[Collected data Boundary: Start]

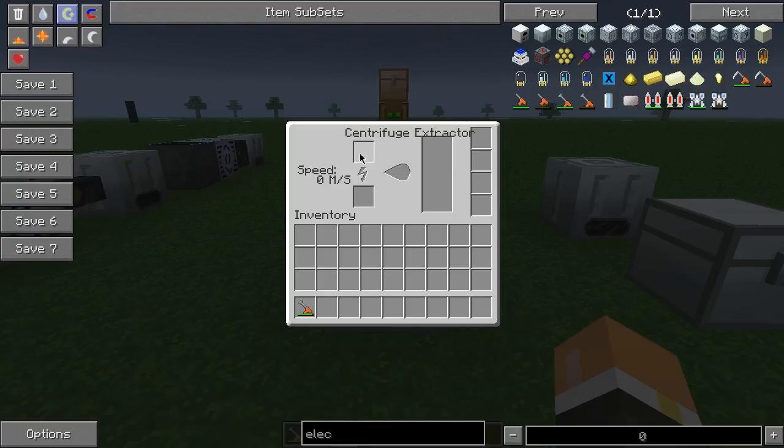The basic user interface for the centrifuge extractor: this top part right here is going to be the item you want to extract — we're going to use rubber wood in these examples today. The bottom here is just for redstone, or if you wanted to hurry up and power it. Over here, these three slots are the output, and these four slots are for overclocker, energy storage, and transformer upgrades, which we'll go over in a minute.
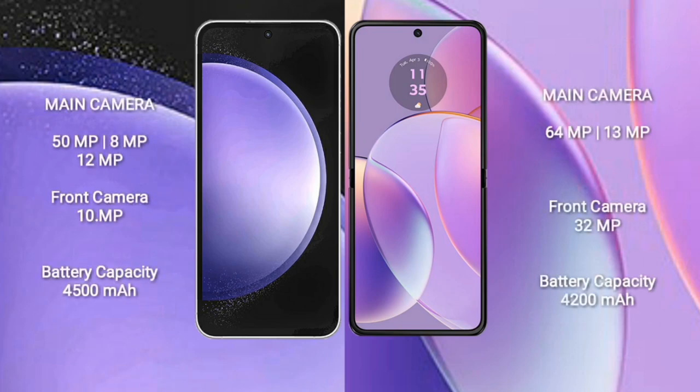Samsung Galaxy S23 FE features a triple rear camera setup: 50MP plus 8MP plus 12MP, and a front camera of 10MP. Samsung Galaxy S23 FE has a 4,500mAh battery with 25W fast charging. Motorola RAZR 40 has a 4,200mAh battery with 30W fast charging support.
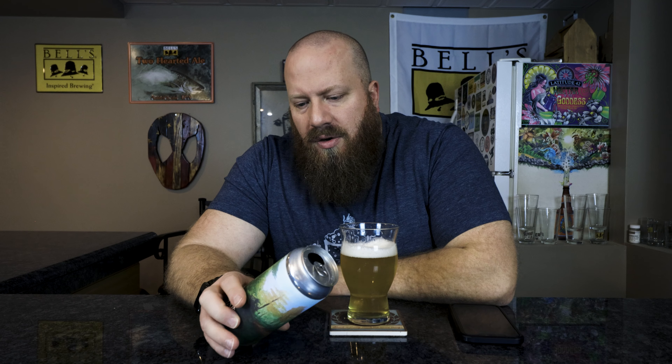Welcome back everybody. Today's quick review is Haze But Not Hazy, a pale ale from Arvon Brewing Company at 5.5% ABV. I did do the full review if you want to check it out — I will link it up here.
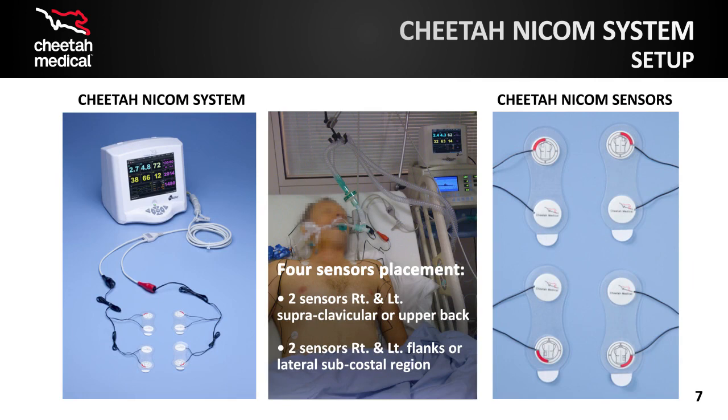The picture on the left shows the Cheetah NICOM system fully assembled, with the patient cable connecting the sensors to the monitor. The picture in the corner shows the placement of the sensors on a patient, which is described further in the lower right box.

[Collected data Boundary: End]

### [Your instructions]
Every line from the one with "Welcome back everybody." through the last line of the listing above must be written out exactly, and no picture may appear.

### [Written answer]
Welcome back everybody. Today's quick review is Haze But Not Hazy, a pale ale from Arvon Brewing Company at 5.5% ABV. I did do the full review if you want to check it out — I will link it up here.
The picture on the left shows the Cheetah NICOM system fully assembled, with the patient cable connecting the sensors to the monitor. The picture in the corner shows the placement of the sensors on a patient, which is described further in the lower right box.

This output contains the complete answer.